Brewers Video
Fastball Freddy Peralta gained his name from an electric heater, but his slider has been an elite swing-and-miss pitch for several years now. It profiled as more of a sweeper entering 2023, but a mid-season tweak allowed him to sacrifice horizontal movement for greater control, greater vertical drop and a slight increase in velocity that paved the way to big results in the second half.
The Movement Profile
As you can see below, Peralta’s slider undertook some significant alterations around June 2023, with greater velocity and a more vertical shape. The slight changes may not seem like much, but together, they present an intriguing combination. A low-speed slider that drops early is easier to spot from a hitter’s vantage point, while extra speed usually means a pitch will drop less. By increasing both, Peralta achieved that much sought-after sharp, late break that leaves hitters with no time to adjust their swing and make contact, increasing its effectiveness.

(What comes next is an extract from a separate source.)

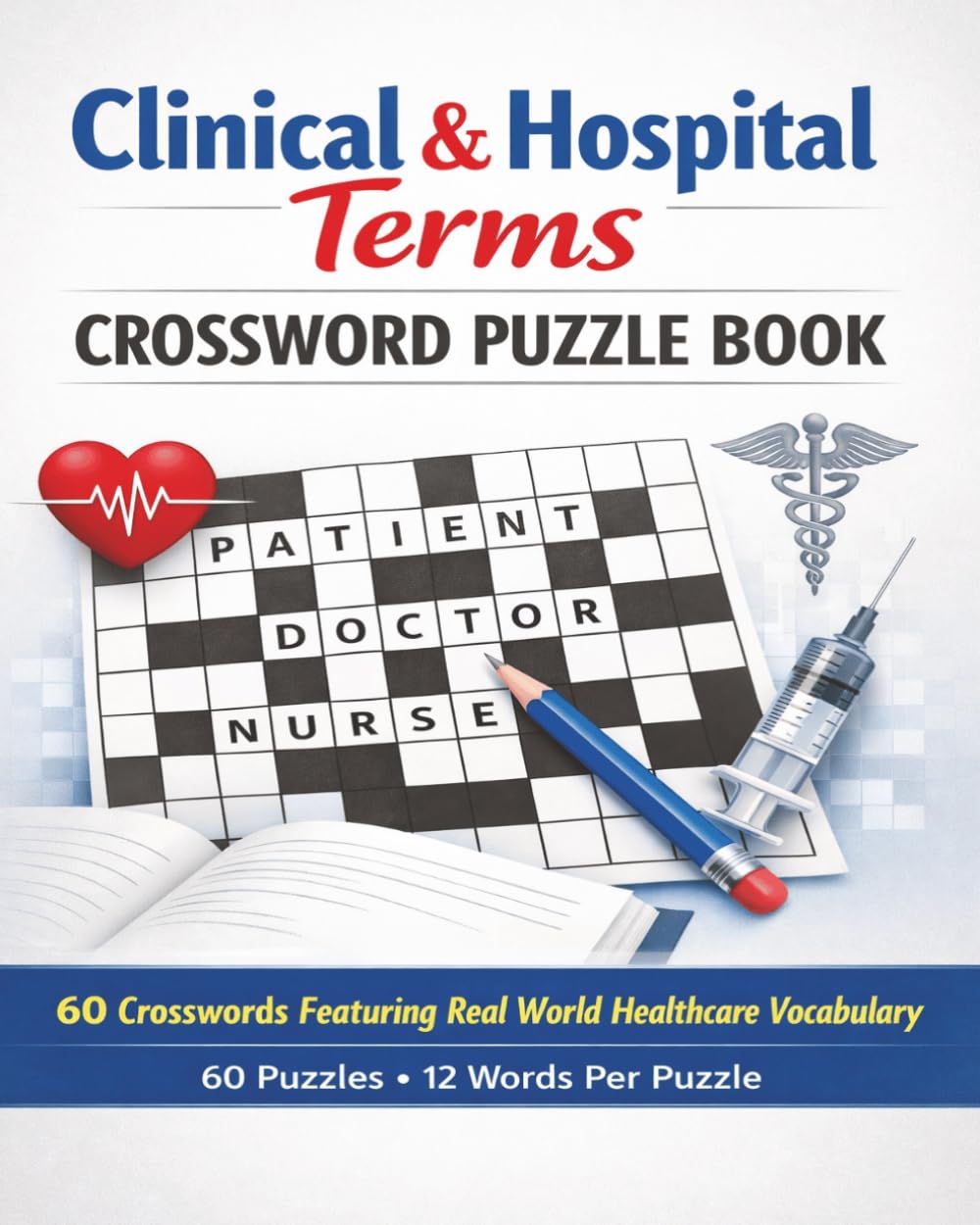 Clinical & Hospital Terms Crossword Puzzle Book: 60 Crosswords Featuring Real-World Healthcare Vocabulary
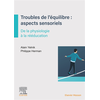 Image de Troubles de l'équilibre : aspects sensoriels : de la physiologie à la rééducation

The best way to see this is the angle at which the pitch enters the strike zone, where because the break is later, achieving that amount of movement would mean the ball is arcing downward at a steeper angle compared to a slower slider with the same vertical drop. Vertical velocity vector as the pitch crosses the zone will show just how sharply that pitch is moving downward, and for Peralta that velocity increased by 15% from 13.2 ft/sec in April to 15.2 ft/sec in August, allowing him to get underneath the barrel more often. As a result, his ground ball rate rose from just 25% in the first half against this slider to 52.3% in the second half, helping him keep the ball in the park and on the infield dirt.
The Corresponding Command Improvements
The other noticeable improvement for Peralta came in his command of the pitch in the second half, especially down in the strike zone. Even in the seven to eight degrees of horizontal break (as he was throwing earlier in the season), you can see Peralta was leaving pitches regularly in the middle of the strike zone.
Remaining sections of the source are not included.